With respected Senator Arthur Sinodinos last night joining the ranks of parliamentary party members to express his discontent with Abbott, some kind of challenge to the leadership when Liberal MPs gather in Canberra next Tuesday is looking increasingly likely.
Sinodinos told Sky News last night the speculation over the leadership was “not just media hype”.
“My support for him has been based on his performance, his courage, his capacity to make the right calls for the country in opposition and in government,” Sinodinos said. “But that support ongoing is not unconditional.”
There remain a couple of problems – contradictions, even – in the disaffected MPs’ case for a change.
From the outside looking in, voters, on the face of it, are simply embarrassed by the perceived gaffes, sledgehammer approach and general old-timeyness of Abbott’s leadership.
Economically, the dissenters are wondering how the leadership has made such a hash of building an argument and a plan for fixing the country’s finances.
In the case of the former, arguably more prescient concerns when the time comes for Australians to front up at the ballot box, Abbott’s uneasy colleagues have a case.
In the latter, not so much. In fact, changing leaders right now could arguably make consumers and business even more wary about the future than before.
While the growing problems for the national economy are largely external and quite simply down to falls in prices large Australian mining companies get for the stuff they sell overseas, there’s continuing domestic weakness too.
Confidence and growth
Economists attribute this in no small part to the sledgehammer blow to confidence from the federal budget in May last year. Billions of dollars in budget measures remain tied up in the volatile Senate. Confidence as measured in the business and consumer surveys has remained weak in the nine months since.

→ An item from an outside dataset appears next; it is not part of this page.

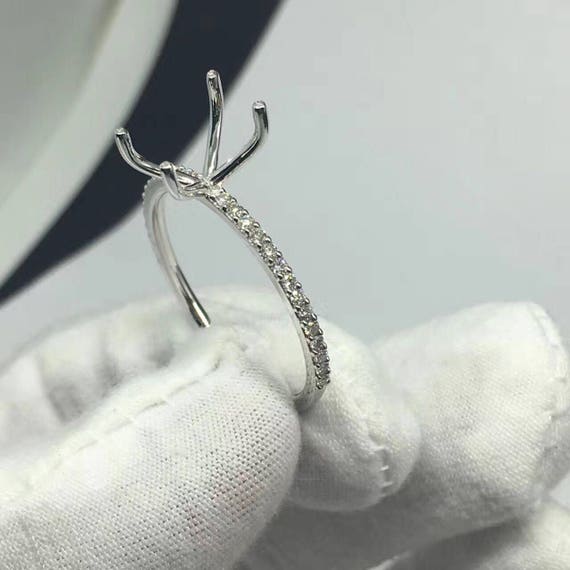 14K Yellow Gold Ring Setting with Pave Lab Diamonds (Approx 0.15 ctw)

The rolling of the government on its Future of Financial Advice reforms and the shambles around its attempts to change the structure of GP payments have cemented the appearance that the government simply can’t get things done – and despite the promises of “no surprises”, it’s got plenty of them. The “animal spirits” typically expected to materialise from record-low interest rates simply haven’t arisen in this environment.
Uncertainty is economic poison. Regulatory haze, and the inability of business leaders to take the government at its word, postpones investment decisions and holds back employment growth.

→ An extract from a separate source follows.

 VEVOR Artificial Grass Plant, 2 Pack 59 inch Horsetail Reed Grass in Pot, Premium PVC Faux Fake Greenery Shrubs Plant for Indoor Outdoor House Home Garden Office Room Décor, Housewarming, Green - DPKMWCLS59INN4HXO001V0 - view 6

The first MP to go public and say he wanted Abbott gone, Western Australia’s Dennis Jensen, made the point this week that on the economy, the government was only talking about debt and deficit and didn’t seem to have a coherent, positive plan for creating the conditions for economic growth.
Not many would disagree.
But the solution proposed from Jensen and the disaffected MPs appears to introduce more uncertainty, in the form of party destabilisation and a potential change of leadership, for which there is no firm candidate and hence even more absence of clarity than what’s offered by the current mob.
On the domestic economic impact, there’s no guarantee that changing the PM at this point, when there are huge downward revisions coming for the economic outlook, would bolster confidence.
In fact, Abbott and treasurer Joe Hockey finally seem to be appraised of the fact that they are not economic alchemists and that Australia might need to live with deficits for many years to come. (The AFR reports this morning that Hockey is preparing to abandon his goal of a surplus in 2018.)
Any incoming team would have to deliver this deeply unpleasant message to the electorate as one of their first acts. It’s hardly the start a new leader needs to reverse the coalition’s standing in the polls.
No clear plan for change
The Sinodinos intervention certainly makes the danger to Abbott much more clear and present. But as the senator alluded to on TV last night, with no clear challenger, there’s no clear plan. If this is actually going to work, someone needs to start setting out what a new leadership team might look like, what it would do, and how it would handle the Senate.
So far, there’s no sign of that.
As for Turnbull, the front-running leadership replacement option, is hated in some corners of the coalition, among the traditional conservatives and the Nationals. And his privileged, wealthy background won’t exactly endear him to Western Sydney’s aspirational voters – the “Howard’s battlers” so vital to electoral success. He comes with built-in stability problems anyway.